§ **INPUT DATA**:
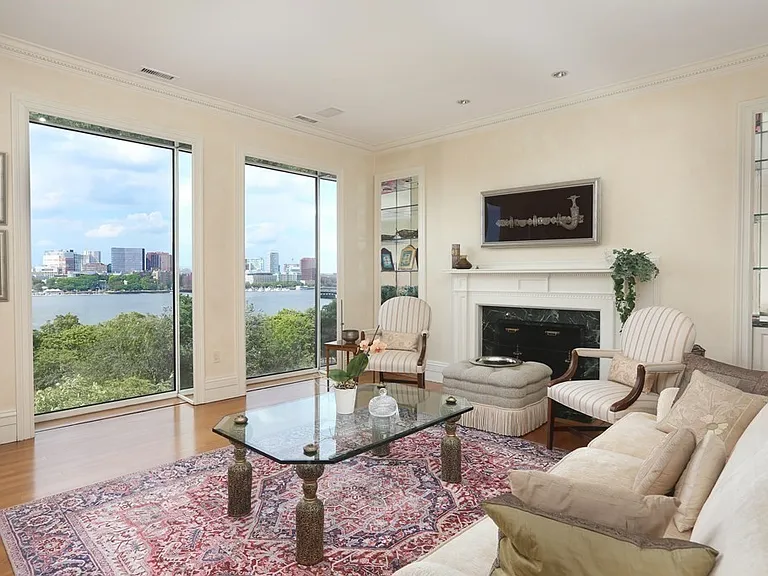 412 Beacon St #9 — Photo 2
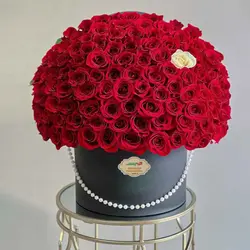 باکس گل رز 200 شاخه قرمز | خرید باکس گل لاکچری بزرگ رز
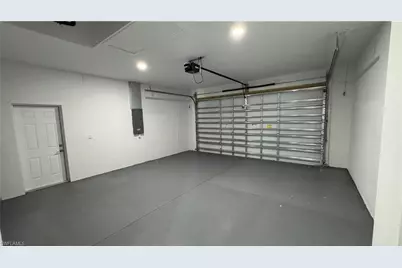 2004 Tropicana Pkwy W, Cape Coral, FL 33993 - Photo 19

§ **INSTRUCTIONS TO FOLLOW**: A verbatim retyping of the listing, without any pictures, is the expected answer.

§ **REPLY TO THE TASK**:
 412 Beacon St #9 — Photo 2
 باکس گل رز 200 شاخه قرمز | خرید باکس گل لاکچری بزرگ رز
 2004 Tropicana Pkwy W, Cape Coral, FL 33993 - Photo 19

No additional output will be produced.